To był kolejny pechowy wyścig w wykonaniu Lewisa Hamiltona. Po przespanym starcie, Brytyjczyk uderzył w tył bolidu Fernando Alonso uszkadzając przednie skrzydło. Heikki Kovalainen przywiózł dla ekipy cenne cztery oczka.

Robert Chruściński
Robert Chruściński

Pierwszy kierowca McLarena już na początku zaprzepaścił swoje szanse na zwycięstwo w GP Bahrajnu. Hamilton stwierdził, że był to katastrofalny występ i chce jak najszybciej o nim zapomnieć. - Jestem naprawdę zawiedziony i czuję, że zawiodłem zespół. Zawsze wolę obwiniać najpierw samego siebie. Cały weekend nie był dal nas udany, począwszy od piątkowego wypadku. W wyścigu zaspałem nieco na starcie i nie wcisnąłem w porę przycisku na kierownicy, przez co miałem na starcie złe ustawienie silnika i uruchomił się system zapobiegający jego zgaśnięciu. Straciłem przez to sporo lokat, ale wszystko było jeszcze do nadrobienia. Później nastąpiło to zderzenie z Fernando. Jechałem za nim, zjechałem do prawej, on również i stało się. Jestem przekonany, że mieliśmy wystarczające tempo, aby wywalczyć miejsce w czołówce. Przede mną długa droga do tytułu, ale nie poddam się tak szybko - uważa Hamilton.

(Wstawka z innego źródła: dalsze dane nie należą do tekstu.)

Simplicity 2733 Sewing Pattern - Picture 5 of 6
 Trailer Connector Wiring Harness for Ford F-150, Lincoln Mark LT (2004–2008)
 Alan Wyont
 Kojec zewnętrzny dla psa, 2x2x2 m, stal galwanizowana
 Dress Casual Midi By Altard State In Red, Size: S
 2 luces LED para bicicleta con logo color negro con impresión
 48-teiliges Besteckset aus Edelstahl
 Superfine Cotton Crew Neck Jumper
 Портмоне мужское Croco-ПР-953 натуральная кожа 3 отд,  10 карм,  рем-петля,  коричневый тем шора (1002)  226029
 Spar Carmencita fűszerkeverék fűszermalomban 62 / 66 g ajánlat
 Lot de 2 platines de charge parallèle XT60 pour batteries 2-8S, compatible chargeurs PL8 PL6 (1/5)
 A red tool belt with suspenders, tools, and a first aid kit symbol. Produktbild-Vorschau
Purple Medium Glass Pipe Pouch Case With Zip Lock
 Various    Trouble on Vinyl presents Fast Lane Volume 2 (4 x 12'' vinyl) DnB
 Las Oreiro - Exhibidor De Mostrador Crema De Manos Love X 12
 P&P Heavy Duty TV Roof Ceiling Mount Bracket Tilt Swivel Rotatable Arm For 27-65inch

Kovalainen bez większych przeszkód dowiózł do mety piąte miejsce. - To był całkiem trudny wyścig. Dobrze wystartowałem, wyprzedzając Kimiego na wejściu w drugi zakręt, jednak potem popełniłem błąd i odzyskał on swoje miejsce. Następnie wszedłem zbyt głęboko w ósmy zakręt i spłaszczyłem prawą przednią oponę, co wywoływało spore wibracje. Wibrowało to tak mocno, że bałem się, że zaraz coś odpadnie. Piąte miejsce było dzisiaj wszystkim na co mogliśmy sobie pozwolić. Zdobyłem jednak punkty i to jest najważniejsze. Mam dług wdzięczności wobec ekipy za świetne przygotowanie bolidu. Postaramy się poprawić przed rozpoczęciem europejskiej części sezonu - zakończył Fin.